### Problem statement
A verbatim copy is needed of the lines below from the one containing "办公小技巧：巧用4种另类文字排版样式" up to and including the one containing "18TH CENTURY GEORGE", excluding pictures.

### Exercise materials
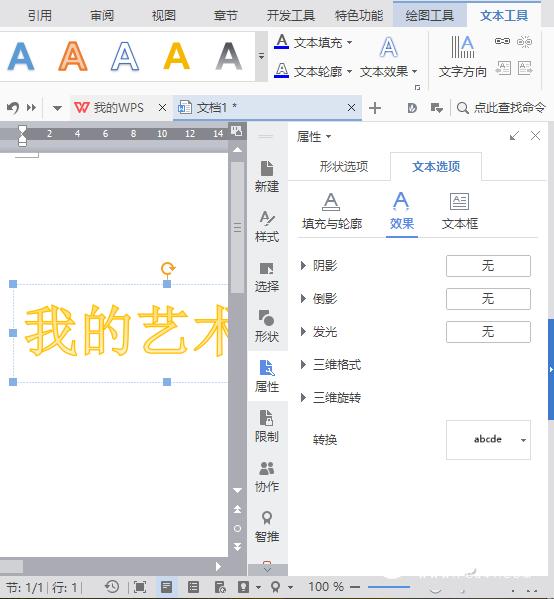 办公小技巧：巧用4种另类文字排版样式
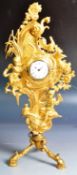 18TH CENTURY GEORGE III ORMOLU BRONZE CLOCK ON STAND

* * *

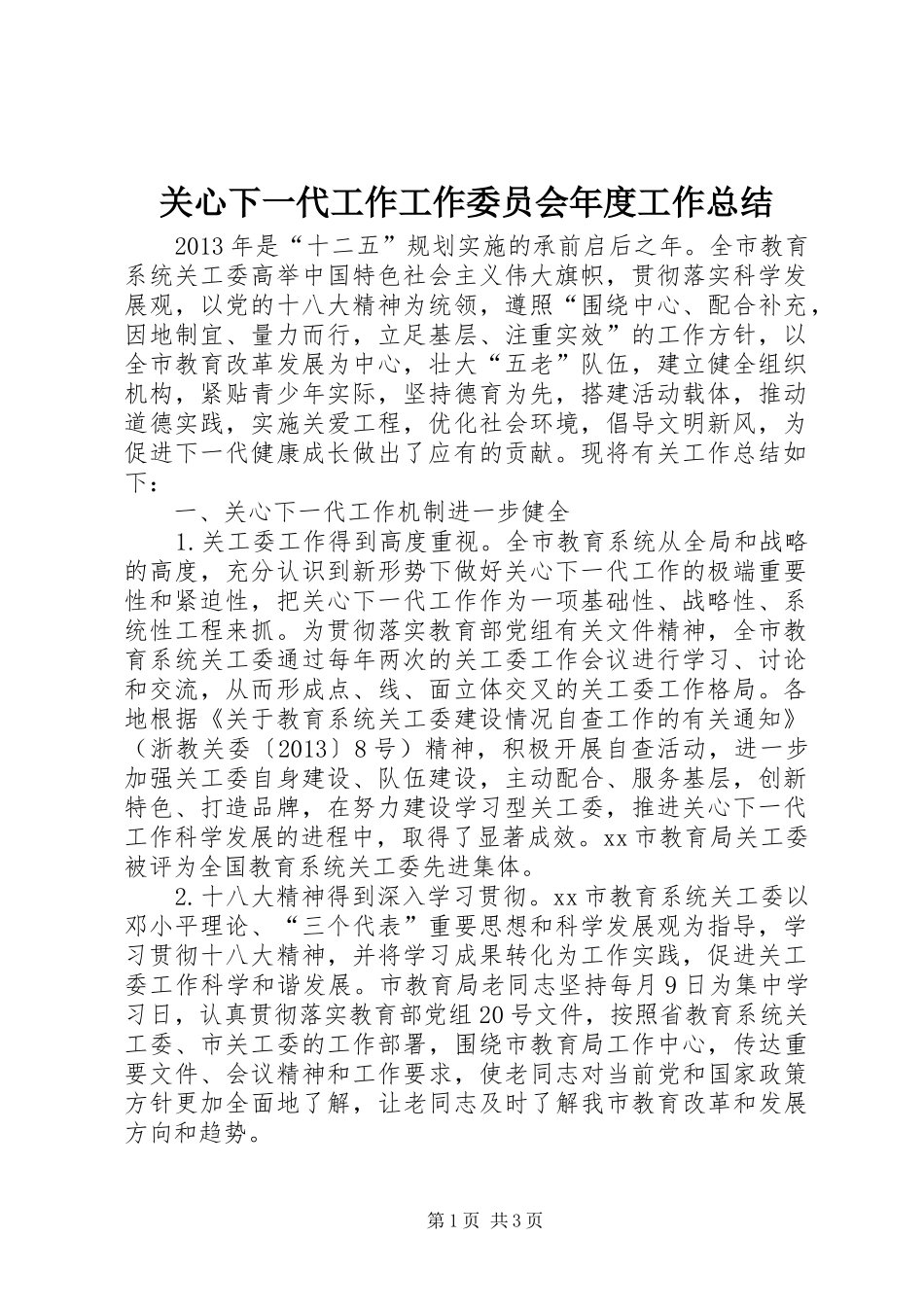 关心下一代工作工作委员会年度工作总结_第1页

### Response area
 办公小技巧：巧用4种另类文字排版样式
 18TH CENTURY GEORGE III ORMOLU BRONZE CLOCK ON STAND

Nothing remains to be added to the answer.